上記屋内側ユニット12内には、屋内のAC100Vの電力線Lに接続され内側送電コイル7に交流電圧を印加する屋内制御回路13と、該屋内制御回路13に接続されリモートコントローラ10からの無線通信を受信する受信部11と、が収納されている。
【0015】
上記リモートコントローラ10は、カーテン4の開閉ボタン10aを有し、開閉ボタン10aを押すことで赤外線通信又は電波通信によって無線で開閉信号を受信部11へ送信可能な機能を有している。

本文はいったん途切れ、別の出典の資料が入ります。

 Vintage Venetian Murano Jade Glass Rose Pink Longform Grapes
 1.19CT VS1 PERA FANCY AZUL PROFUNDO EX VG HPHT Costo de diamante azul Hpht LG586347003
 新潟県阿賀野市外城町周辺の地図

上記屋内制御回路13は、受信部11で受信した開閉信号に基づいて内側送電コイル7に交流電圧を印加して交流磁場を発生させる機能を有している。
【0016】
上記巻き取り駆動機構5は、開口部14aからカーテン4を出し入れ可能であると共に巻き取ったカーテン4を収納可能な収納部14と、該収納部14内に回転可能にかつ水平に取り付けられカーテン4を巻回可能な巻き取り軸15と、該巻き取り軸15の端部に連結されて巻き取り軸15を回転させると共に外側受電コイル8に屋外制御回路9を介して電気的に接続されて電力供給を受けるモータMと、を備えている。
【0017】
上記収納部14は、ガラス窓3の上部の壁2に固定されている。
上記巻き取り軸15の一端は、収納部14内に設けられた軸受け部16に回転可能に支持されている。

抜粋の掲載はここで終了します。